Graphs
Build a Graph as an Adjacency List
Represent an undirected graph as a per-vertex list of neighbours. For every
edge (u, v), append v to adj[u] and u to adj[v]. Neighbour lists
keep insertion order so the graph is a stable, deterministic fixture for the
search lessons.
Algorithm
The canonical fixture is 6 vertices [1..6] with undirected edges
(1,2), (1,3), (2,4), (3,4), (4,5), (5,6) inserted in that order. The
final adjacency list is
{1: [2, 3], 2: [1, 4], 3: [1, 4], 4: [2, 3, 5], 5: [4, 6], 6: [5]}.

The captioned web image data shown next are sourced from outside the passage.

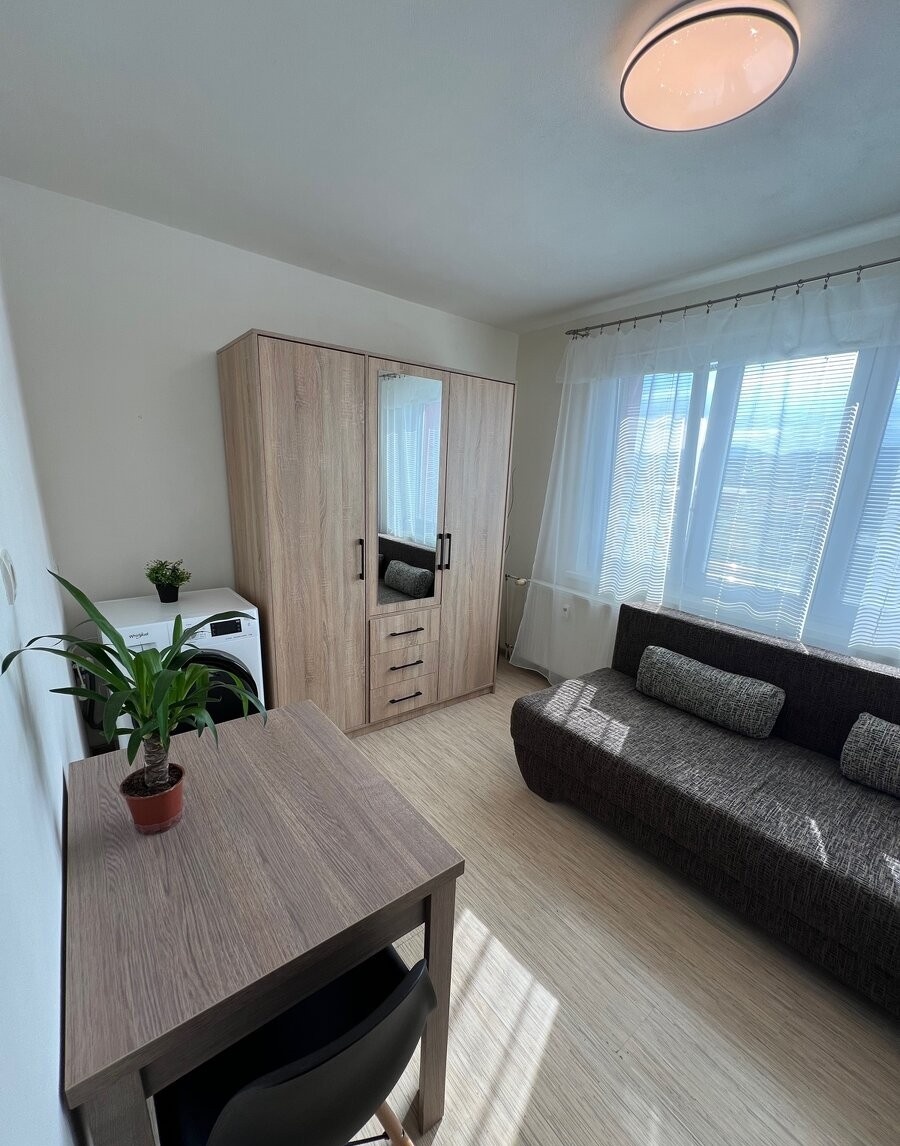 🏢 NA PRENÁJOM – 1-izbový byt na ul. M. Falešníka, Prievidza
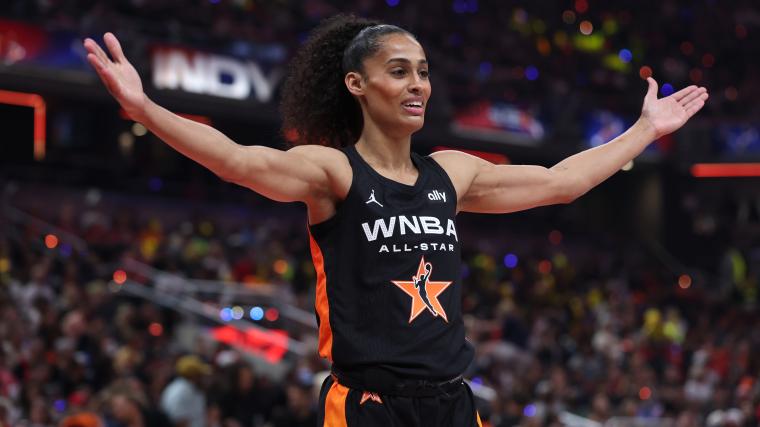 Skylar Diggins hit with WNBA fine after technical foul in Sky’s loss to Aces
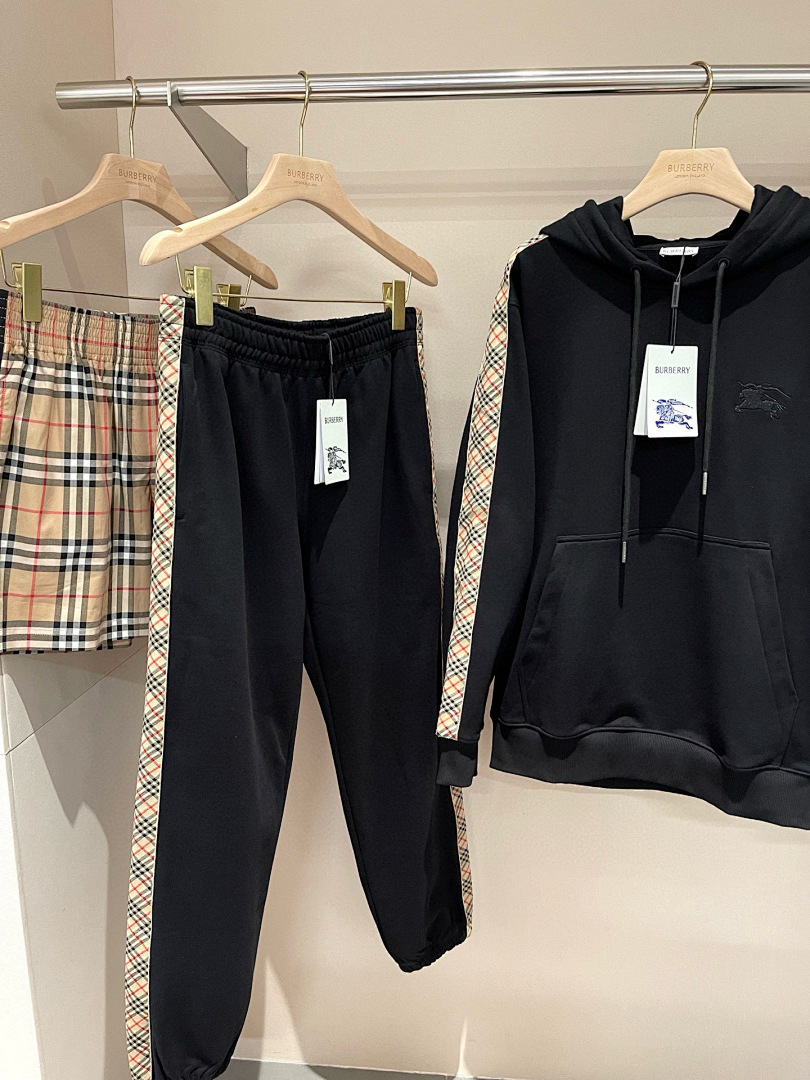 Burberry D102-61L - Image 9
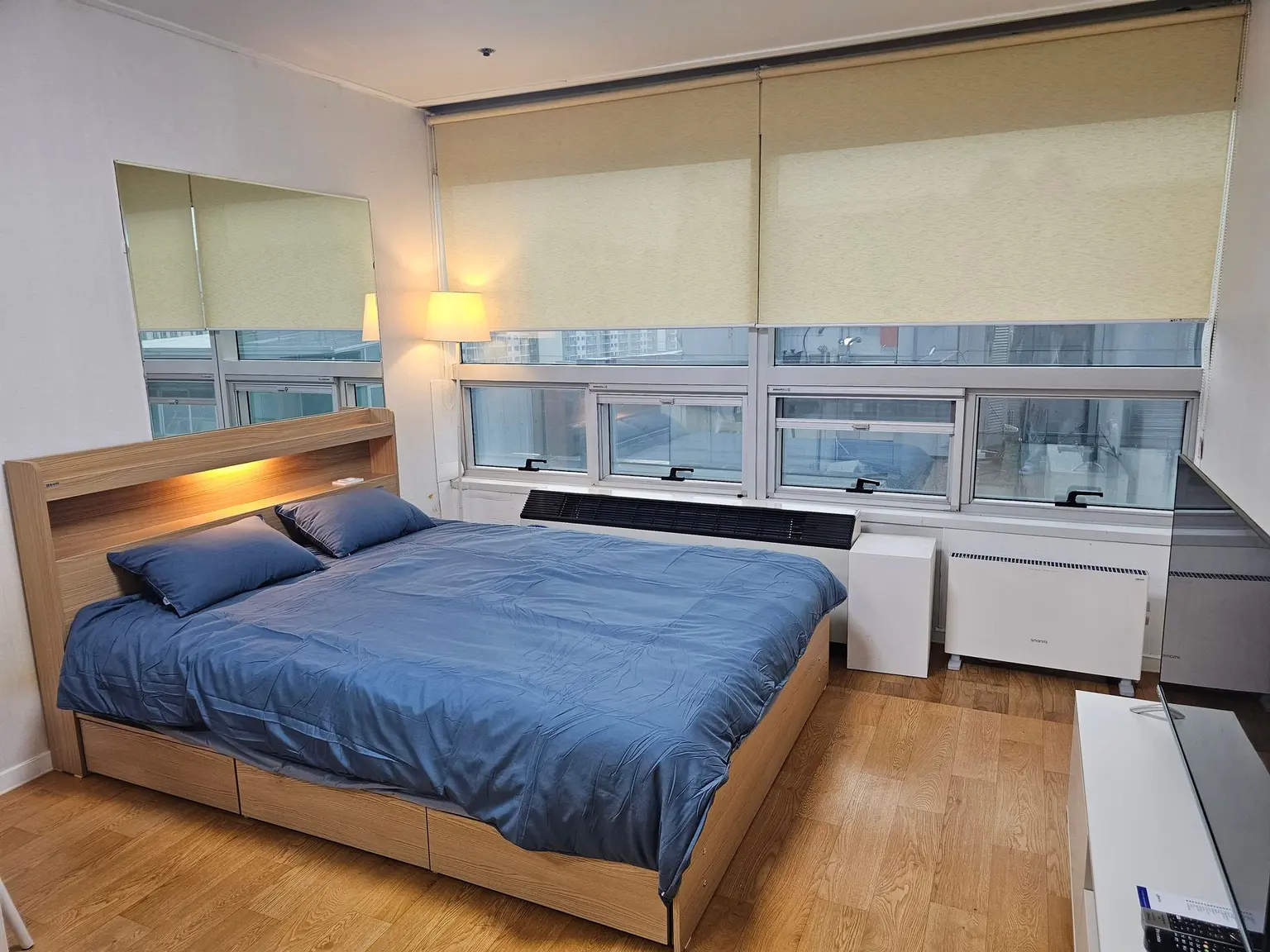 Suwon Yeongtong A walkable & workation Serviced apartment 1BR & sleeps 2 Yeongtong Station Officetel Fully Furnished Cover Photo
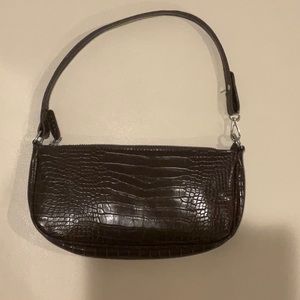 💰🚨CLEARANCE 🚨💰 
Brown shoulder bag with faux animal design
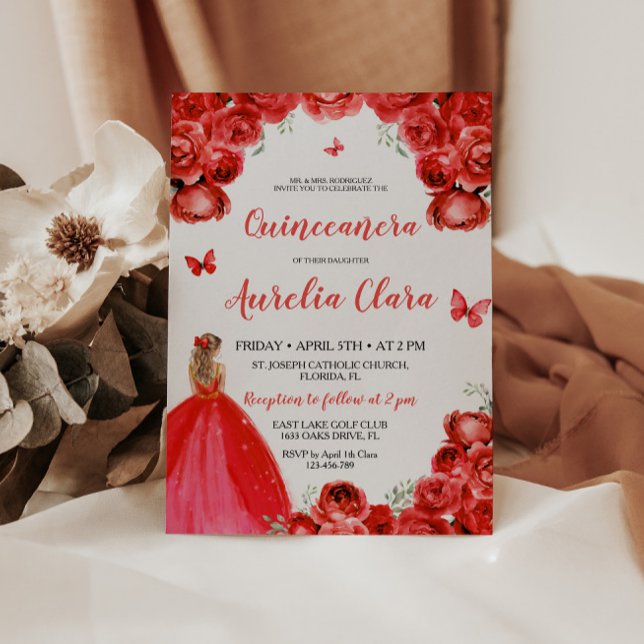 Invitation Chic Quinceañera Rouge Floral Rose Princesse Tiara (Créateur téléchargé)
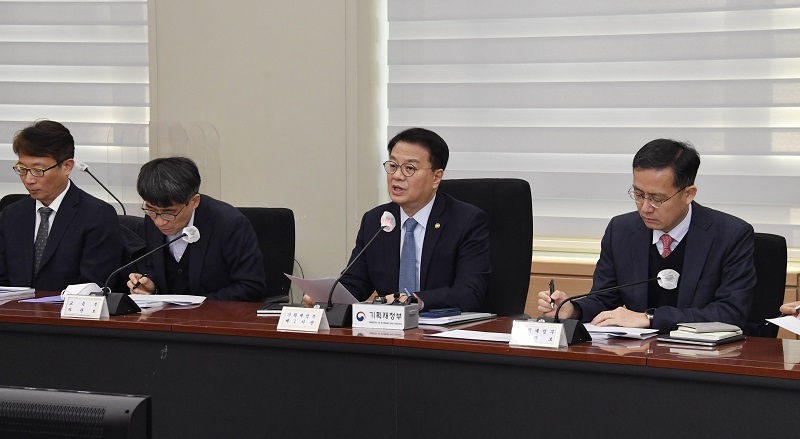 정부, 업종별 수출목표 설정…경제형벌 2차 개선과제 곧 발표
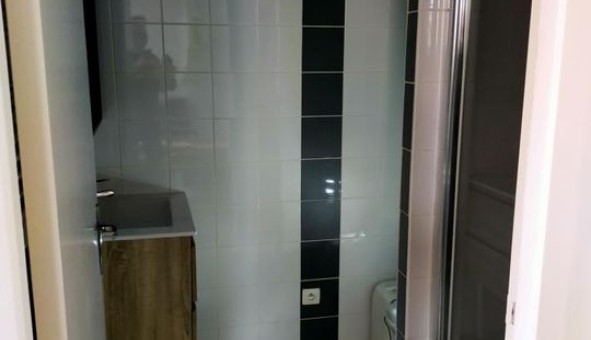 Logement �tudiant Studio &agrave; Saint Maime (04300)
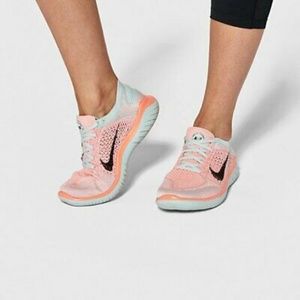 Nike Women's Free RN Flyknit  Running Shoes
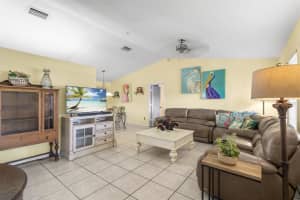 285 Las Palmas Street, Royal Palm Beach, FL 33411 Sold 02/26/25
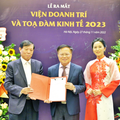 PGS.TS Bùi Tất Thắng, Phó Chủ tịch Hội VASEAN trao quyết định thành lập Viện Doanh Trí.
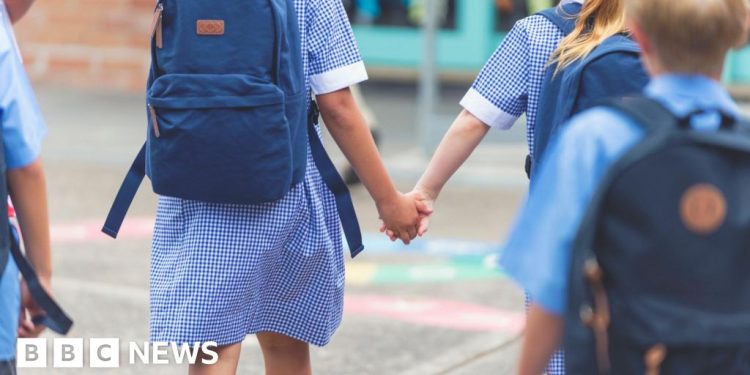 Casi 70 escuelas cerrarán en Australia por temor a que haya amianto en la arena para jugar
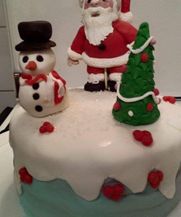 kersttaart, sneeuwpop, kerstman en kerstboom zijn van fondant.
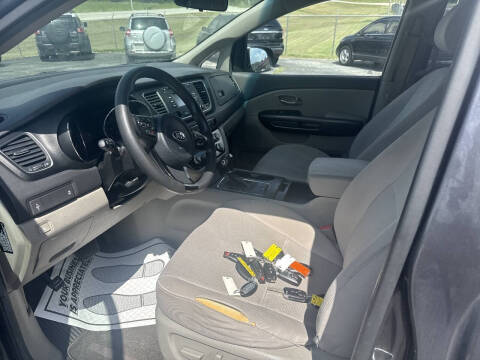 2017 Kia Sedona LX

This same graph drives graph-bfs, graph-dfs, and
graph-shortest-path-bfs.
Basic Implementation
basic.php
<?php
$edges = [[1, 2], [1, 3], [2, 4], [3, 4], [4, 5], [5, 6]];
$adj = [];
foreach ($edges as $e) {
$u = $e[0];
$v = $e[1];
$adj[$u][] = $v;
$adj[$v][] = $u;
}
ksort($adj);
$parts = [];
foreach ($adj as $v => $nbrs) {
$parts[] = $v . ": [" . implode(", ", $nbrs) . "]";
}
echo "{" . implode(", ", $parts) . "}\n";
Complexity
- Build: O(V + E)
- Space: O(V + E)
Implementation notes
- PHP: an associative array maps each vertex to a list;
ksortorders keys before printing. - The replay shows the adjacency list after each edge is added, matching the lesson spec.
adjacency list
Each edge adds two directed entries, one in each direction.